Friday, November 11, 2022

Gratitude: How to be grateful for your child

Many parents think that children should be grateful for them, and for everything around them. There is nothing wrong with being grateful for parents, or for the food parents dish out in front of you, but many parents overstep their boundaries by ordering children falsely to be grateful for everything. The fact of the matter is that parents should be grateful for their children.

Gratitude never exists in a vacuum. Gratitude is the fruit of Christian love, with all parents everywhere being commanded by God to love their children as a neighbor. Christian love is denoted by the Greek root word αγαπαο (Latin: agapao) and refers to, in the context of parenting, prioritizing children first, and yourself as a parent last, to the point of dutiful and selfless submission to the every vulnerable need of children, expecting absolutely nothing in return, valuing children as extensions of God. True Love comes not from pride or desire, but fearful conviction, where the parent comes to the conviction that they are a depraved and decadent sinner who is deserving of absolutely nothing. This change of heart prompts the sinner/parent to pay due penance and serve their children. Children, in return, then will become thankful for the love and grace of parents, resting in the submission of parents safely and securely (Col. 3:20, Eph. 6:1-3).

"Expecting absolutely nothing in return" implies not expecting anything from your children, period. Everything your children do for you, at your instruction, is something to be grateful for, since you as a parent are to be convicted that you are a depraved and decadent sinner who is deserving of absolutely nothing, from your children or anyone else.
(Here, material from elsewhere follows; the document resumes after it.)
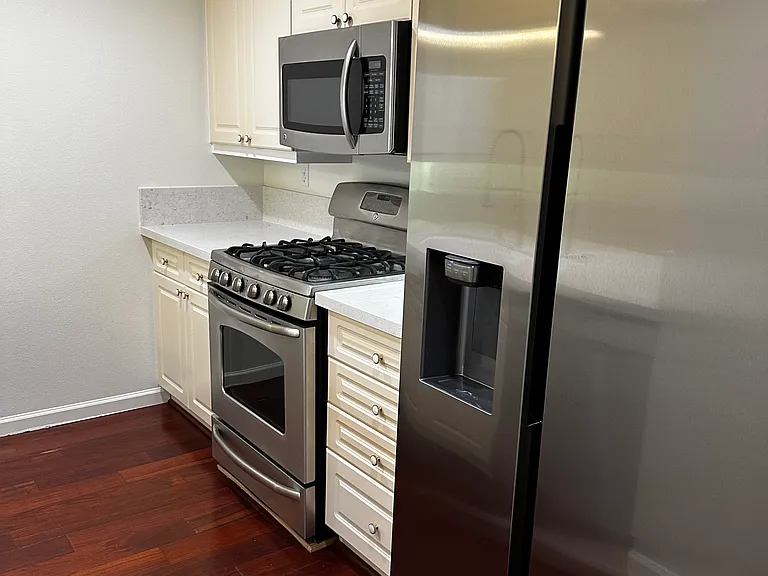 274 W 20th Ave — Photo 7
When we are convicted of the fact that we are undeserving of absolutely everything from children or others as sinners/parents, we value absolutely everything children give to us, never resenting or getting angry with children. Children bring joy to a home, but all too often, we as adults don't value that joy until it is all gone. Just ask anyone who has lost a child how grateful they are for the time they spent with their child while he/she was still on earth. Most parents who have lost a child are anti-spanking, by the way, and the reasons why are quite obvious to those of us who DO value children.

God gave you a child not to punish or be controlling with, but to cherish and be charitable towards. God can take away anything that child gives to you, and take away that child along with it. Be grateful for your child, for children are installments of God, called by God to bring out the charity in all mankind (see Matt. 25:31-46). If you are too harsh or cruel to your child, they may be discouraged, and they may leave you forever, and that is their right. It says in Colossians 3:21 KJV:

Fathers, provoke not your children to anger, lest they be discouraged.
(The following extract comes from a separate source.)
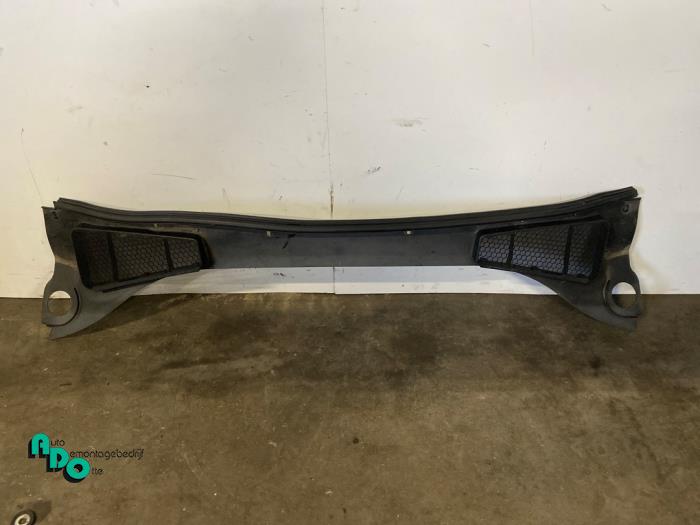 Używane Parawan Ford Focus 3 Wagon 1.0 Ti-VCT EcoBoost 12V 125 Cena € 20,00 Procedura marży oferowane przez Autodemontagebedrijf Otte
The Greek root word translated "provoke...to anger" is ερεθιζο (Latin: erethizo) and refers to damages or offenses, namely the slightest of personal offense perceived by a child, including, but not limited to, the slightest of offensive touch or speech perceived by the child, coming from entitlement. This commandment was intended by the Apostle Paul, and understood in its original context, as a moral statute prohibiting all forms of punitive parenting, including any punishments or controlling demeanor towards a child. In the Old Testament, punitive parents were put to death by way of bloodletting, after punishing their children one last time. Parents who punished their children were charged with kidnapping, with kidnapping being defined under the Law as the slightest of damages or offenses stemming from hostage-taking - child punishment was seen in biblical times as holding your child hostage merely for things they did wrong, thereby treating your child as a captured slave. Paul was lifting up this legal context to a group of Greek Christians who brought their pagan custom of spanking and punishing children into the church. Paul, contrary to popular legend, was anti-spanking, and opposed any and all punishment of a child.

Paul was ultimately trying to remind the Greek and Roman parent newcomers to the Christian Church to be grateful for their children. Parenting in biblical times was seen as a thankless job, meaning parents didn't deserve thanks in Early Christian culture, as well as preceding Jewish culture. Parents earned their thanks by being thankful for their children.

Lord, thank you for all the children and the forgiveness they have shown me, for I am a depraved and decadent sinner in relation to them that doesn't deserve their forgiveness, or anything from them. In Jesus' name, Amen.

The depraved and entitled parents who provoke their children to anger through punitive parenting will not inherit the Kingdom of God! Let them be forever cast into the lake of fire and burning sulfur which is the second death prepared for Satan and his accomplices! Let them descend into the abyss which is the ever-burning Hell of fire and torment, suffering God's Wrath forever and ever! Repent, for the Kingdom of Heaven is at hand!